When R functions download historical stock price data, they almost always access an interface explicitly designed for this purpose as e.g. a cgi handler providing csv files given a stock symbol and start and end date. So this easy as all we need to do is form the appropriate query, hit the webserver, fetch the csv file an dparse it.
Now balance sheet information is (as far as I know) not available in such an interface. So you will need to 'screen scrape' and parse the html directly.
It is not clear that R is the best tool for this. I am aware of some Perl modules for the purpose of getting non-time-series data off Yahoo Finance but have not used them.
回答2:
I have found on the net only a partial solution to your issue, for I managed to retrieve only the Balance sheet info and financial statement for one year. I don't know how to do it for more years. There is a package in R, called quantmod, which you can install from CRAN
install.packages('quantmod')
Then you can do the following: Suppose you want to get the financial info from a company listed at NYSE : General Electric. ticker: GE
library(quantmod)
getFinancials('GE')
viewFinancials(GE.f)
To get only the income statement, reported anually, as a data frame use this:
viewFinancials(GE.f, "IS", "A")
Please let me know if you find out how to do this for multiple years.
回答3:
The question you want to ask, and get an answer to!, is where can I get free XBRL data for analysing corporate balance sheets, and is there a library for consuming such data in R?
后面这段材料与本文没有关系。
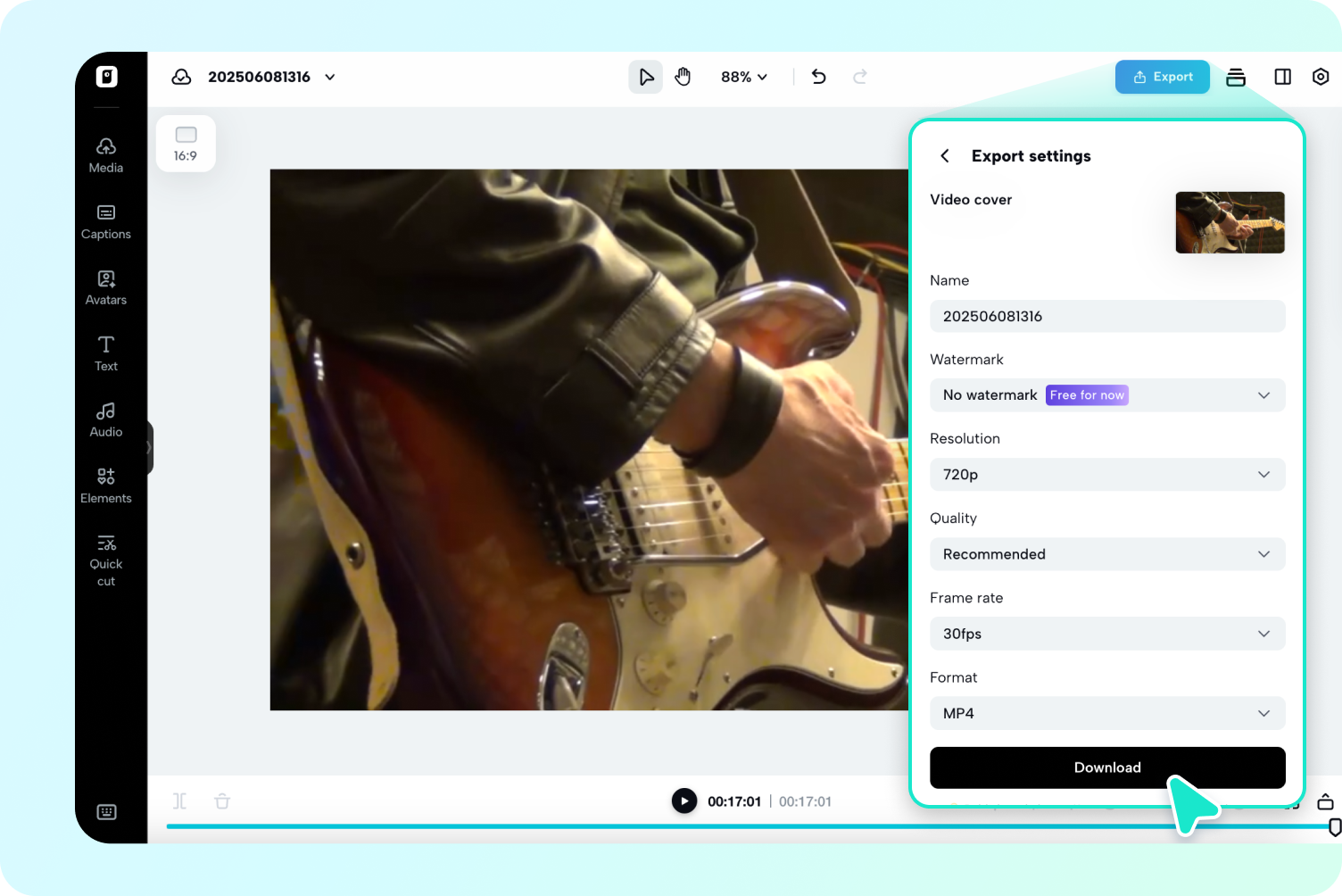 Download your video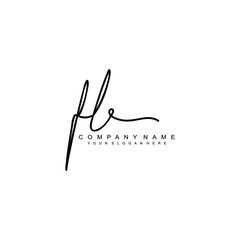 FL initials signature logo. Handwriting logo vector templates. Hand drawn Calligraphy lettering Vector illustration.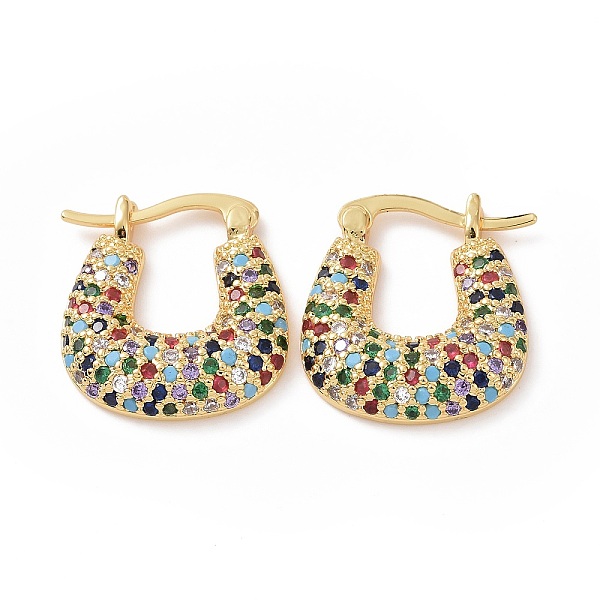 PandaHall Cubic Zirconia Trapezoid Hoop Earrings, Real 18K Gold Plated Brass Jewelry for Women, Colorful, 19.5x18x4mm, Pin: 16x1.1~1.5mm...
PandaHall Cubic Zirconia Trapezoid Hoop Earrings, Real 18K Gold Plated Brass Jewelry for Women, Colorful, 19.5x18x4mm, Pin: 16x1.1~1.5mm...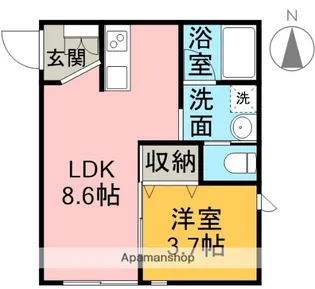 エミライズ【2階】の間取り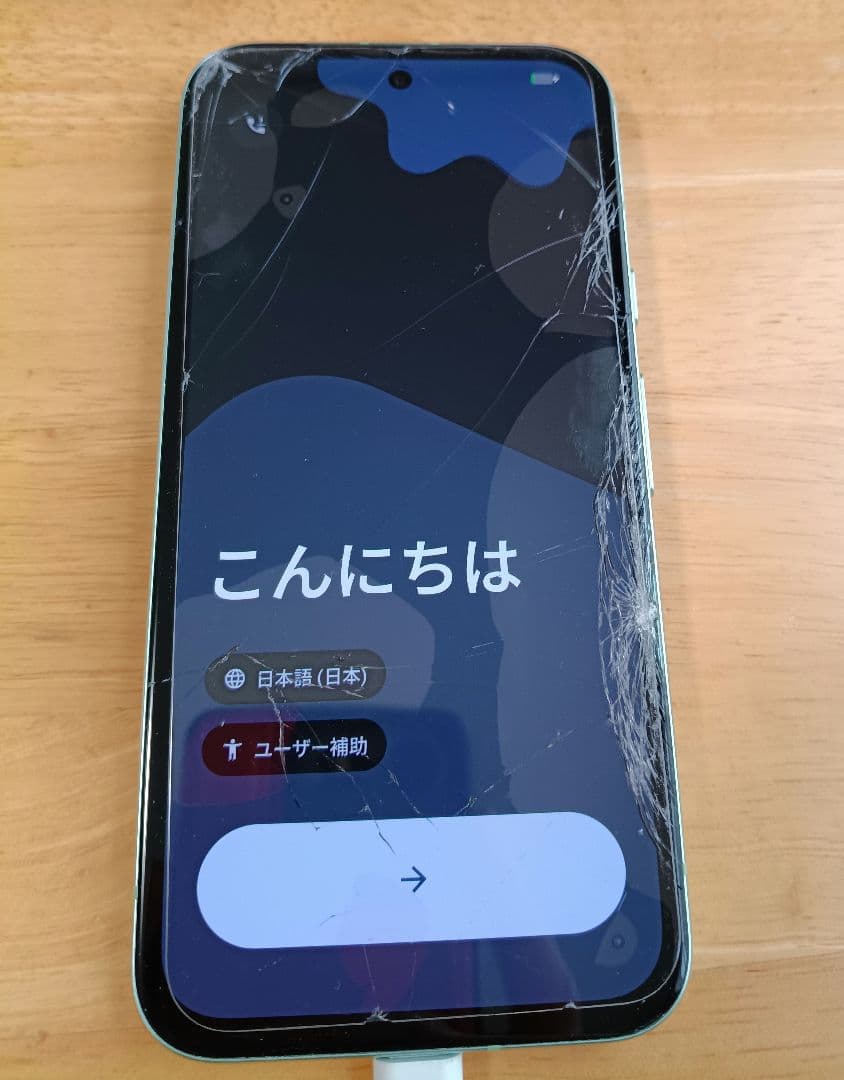 Google Pixel 8a アロエ 画面割れ ジャンク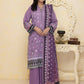 LSM Embroidered Lawn Suits With Lawn Dupatta Unstitched 3 Piece SED-ZH-0008 - Summer Collection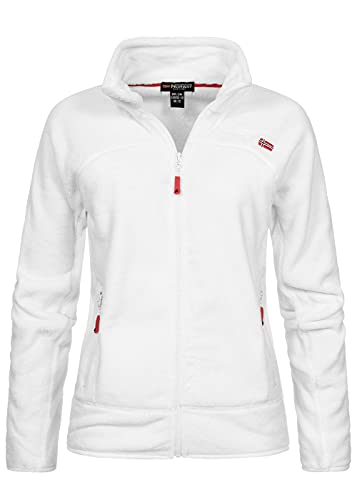 Geographical Norway Damen Fleecejacke Upaline White L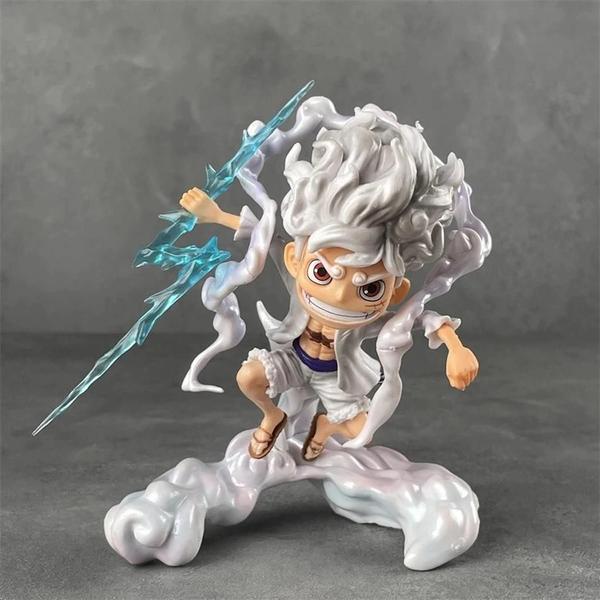 Imagem de Figura de Ação Luffy Gear 5 - One Piece - Modelo Nika Sun God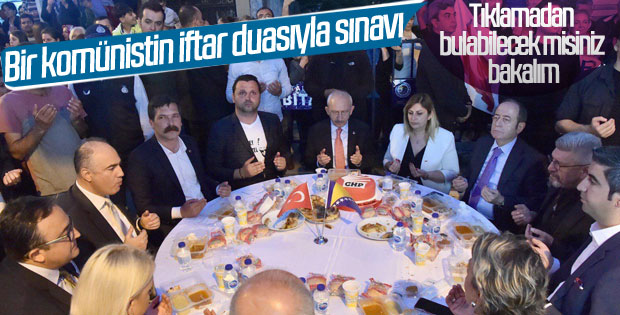 Erkan Baş iftar sofrasında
XBRL (Extensible Business Reporting Language - http://en.wikipedia.org/wiki/XBRL) is a standard for marking up accounting statments (income statements, balance sheets, profit & loss statements) in XML format such that they can easily be parsed by computer and put into a spreadsheet.
As far as I know, a lot of corporate regulators (e.g. the SEC in the US, ASIC in Australia) are encouraging the companies under their jurisdiction to report using such a format, or running pilots, but I don't believe it has been mandated at this point. If you limited your investment universe (I am assuming you want this data in electronic format for investment purposes) to firms that have made their quarterly reports freely available in XBRL form, I expect you will have a pretty short list of firms to invest in!
Bloomberg, Reuters et al all have pricey feeds for obtaining corporate fundamental data. There may also be someone out there running a tidy business publishing balance sheets in XBRL format. Cheaper, but still paid for, are XIgnite's xFundamentals and xGlobalFundamentals web services, but you aren't getting full balance sheet data from them.
回答4:
to read-in the financial information try this function ( I picked it up several months ago and made some small adjustments)
require(XML)
require(plyr)
getKeyStats_xpath <- function(symbol) {
yahoo.URL <- "http://finance.yahoo.com/q/ks?s="
html_text <- htmlParse(paste(yahoo.URL, symbol, sep = ""), encoding="UTF-8")
#search for <td> nodes anywhere that have class 'yfnc_tablehead1'
nodes <- getNodeSet(html_text, "/*//td[@class='yfnc_tablehead1']")
if(length(nodes) > 0 ) {
measures <- sapply(nodes, xmlValue)
#Clean up the column name
measures <- gsub(" *[0-9]*:", "", gsub(" \\(.*?\\)[0-9]*:","", measures))
#Remove dups
dups <- which(duplicated(measures))
#print(dups)
for(i in 1:length(dups))
measures[dups[i]] = paste(measures[dups[i]], i, sep=" ")
#use siblings function to get value
values <- sapply(nodes, function(x) xmlValue(getSibling(x)))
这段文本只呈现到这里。